◆ Short descriptive text snippets
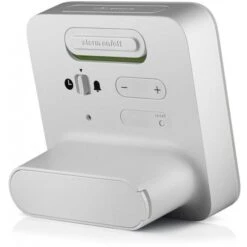 Braun BC09W Digital White Alarm Clock -Care Product Store 21280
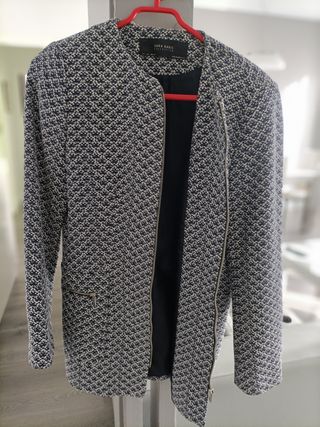 Chaqueta Zara
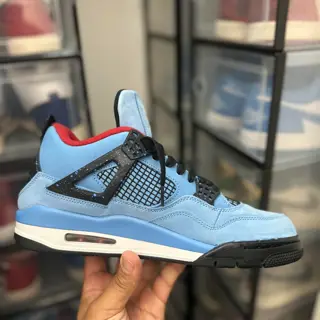 Jordan 4 cactus jack & union Chicago shadow sz 10.5 $325-$540 shipped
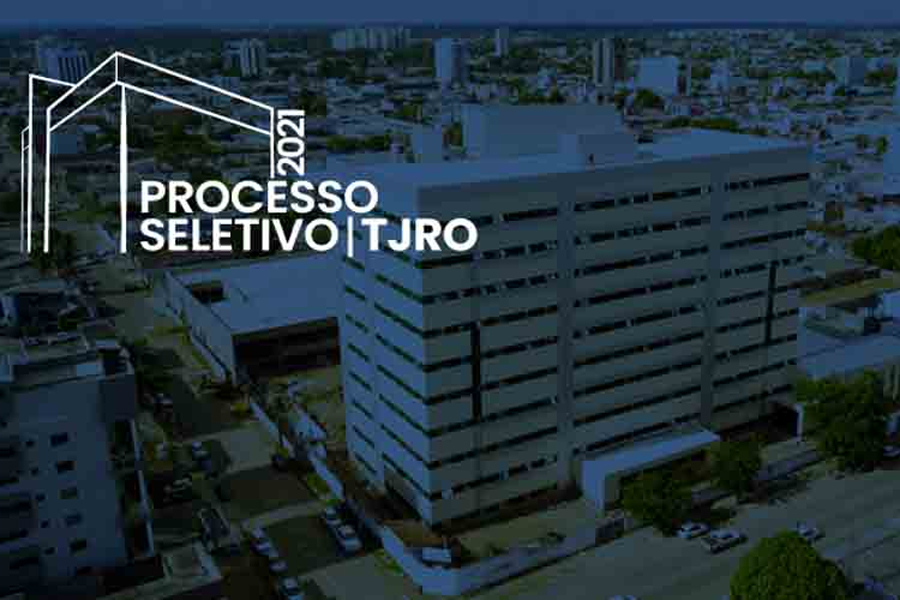 Processo Seletivo TJRO: FGV divulga resultado retificado da avaliação de títulos - News Rondônia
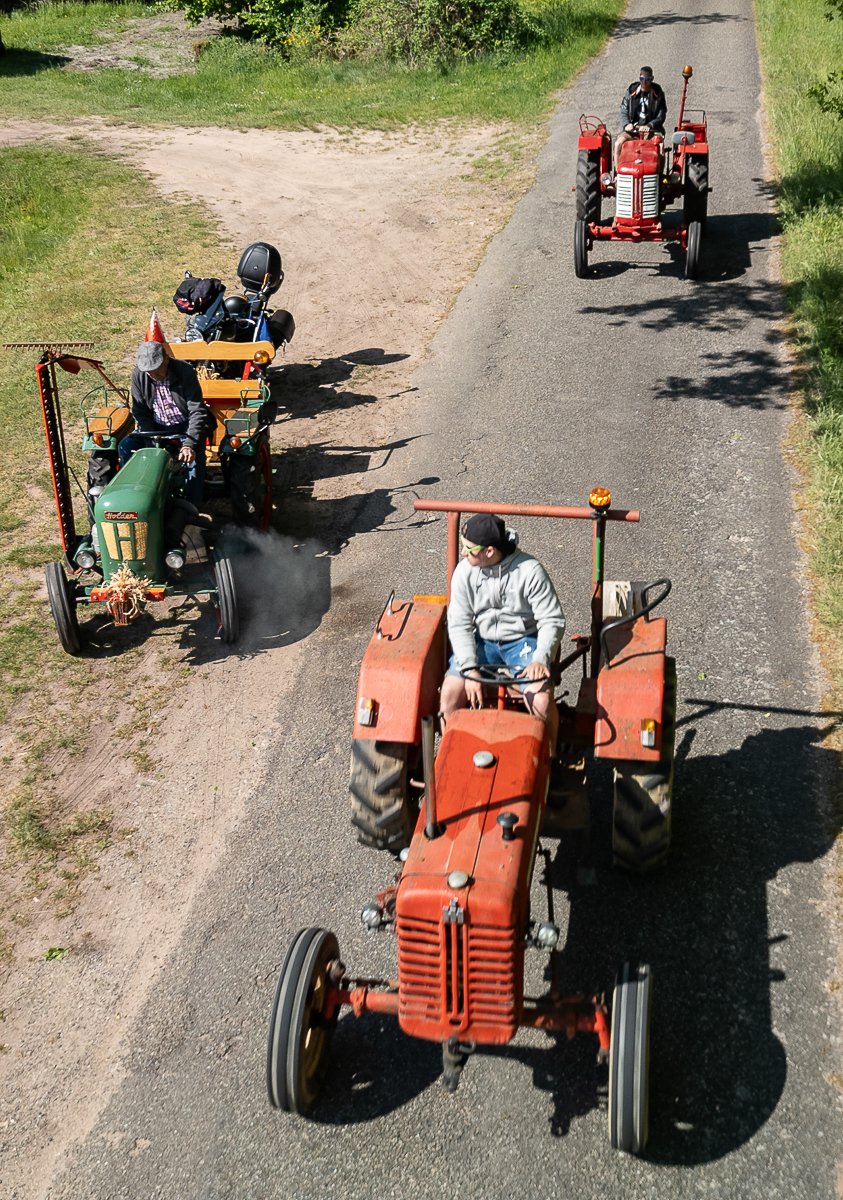Tracteurs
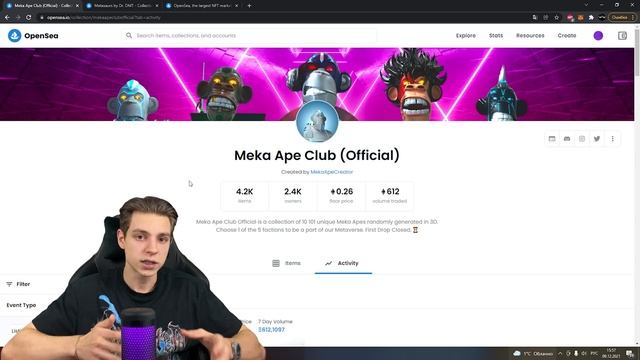 Когда нужно продавать NFT? Спекуляции на рынке NFT!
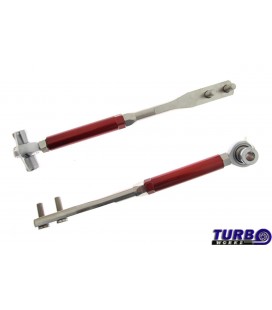 Reaction rods Nissan 200SX S14 Skyline R32 89-94 Red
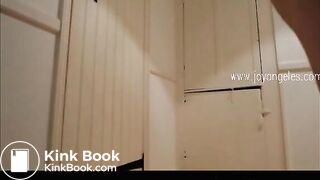 Shitting Standing Up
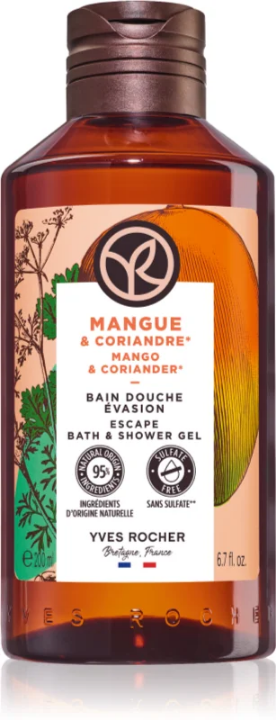 Yves Rocher Bain de Nature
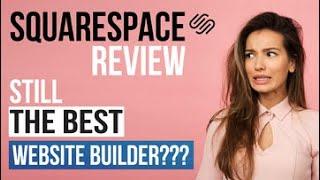 ️️Squarespace review: Do I recommend it? ️️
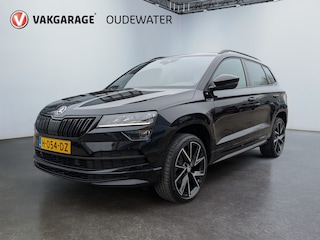 Skoda Karoq 1.5 TSI ACT Sportline Business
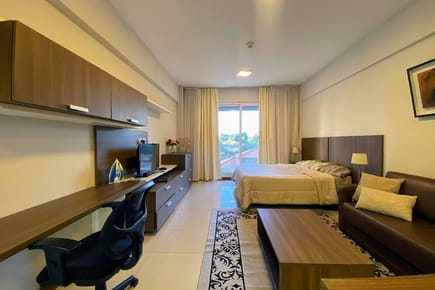 Departamento-Alquiler-Avda. Santa Teresa, Ycuá Satí, Asunción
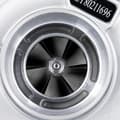 Miniatyrbillede 3 af 4: GT3037 Turbocharger, 500 HK kapacitet, vand- og olieafkølet, T3 flange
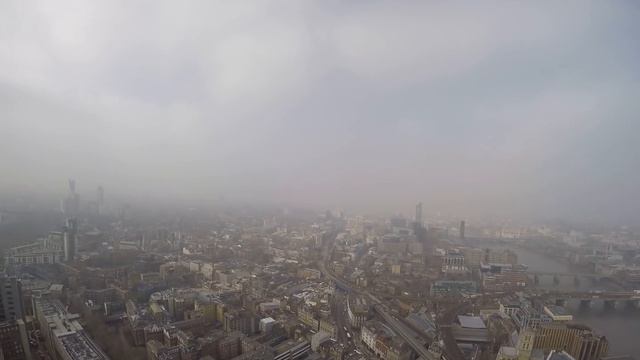The Shard BASE jump смотреть онлайн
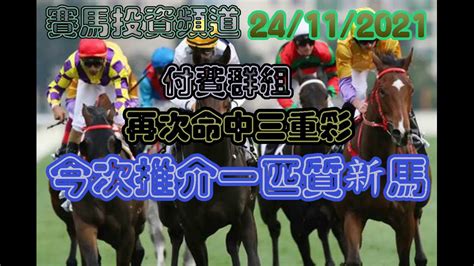 賽馬投資 1542021香港賽馬第場貼士心水 Hk Horse Racing Tips R Youtube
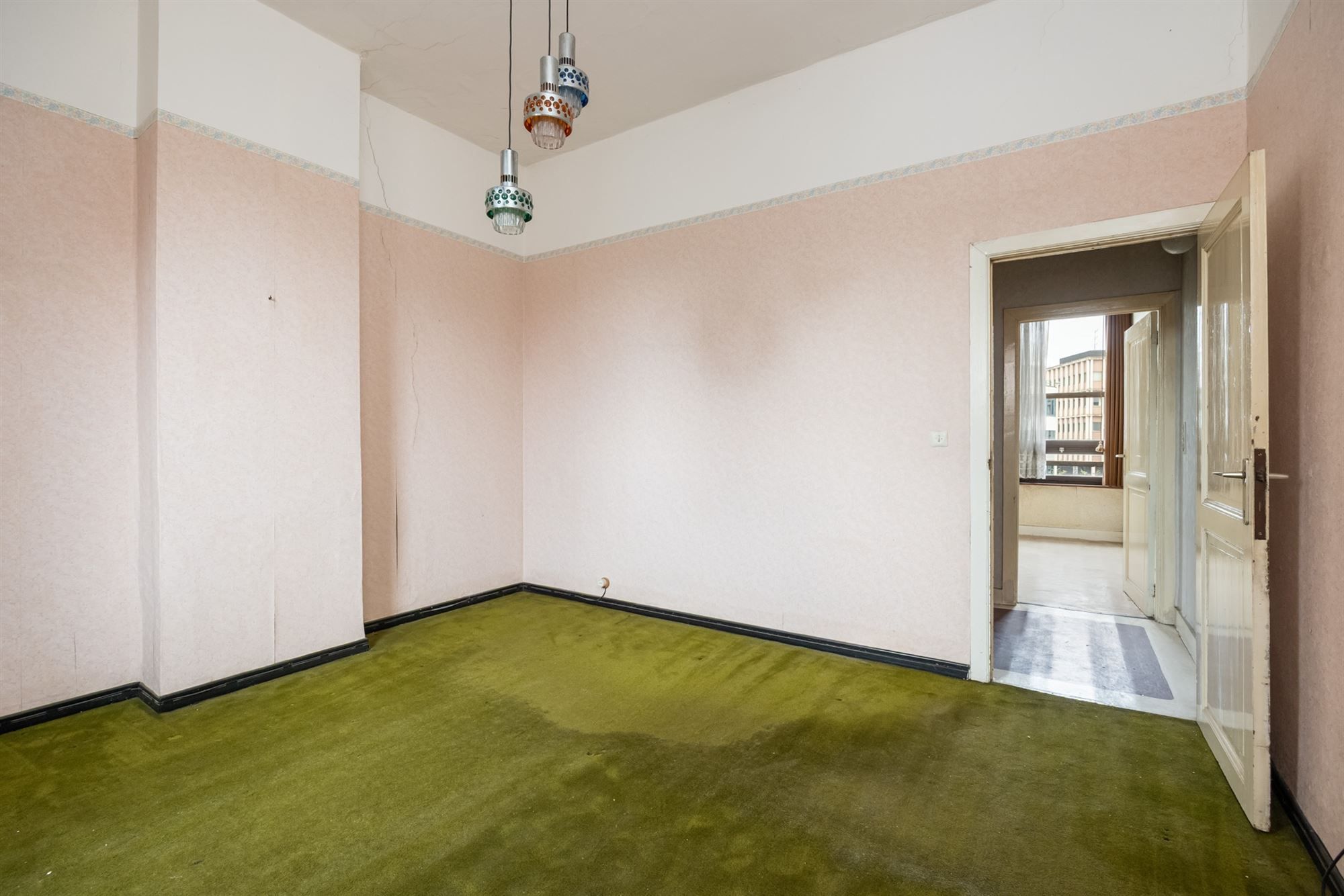Te renoveren woning met tuin op toplocatie in Mechelen foto 16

◆ DIRECTIONS
Every line from the one with "Miniatyrbillede 3 af" through the end of the records is to be reproduced exactly, and the pictures are to be left out.

◆ OUTPUT BELOW
 Miniatyrbillede 3 af 4: GT3037 Turbocharger, 500 HK kapacitet, vand- og olieafkølet, T3 flange
The Shard BASE jump смотреть онлайн
 賽馬投資 1542021香港賽馬第場貼士心水 Hk Horse Racing Tips R Youtube
Te renoveren woning met tuin op toplocatie in Mechelen foto 16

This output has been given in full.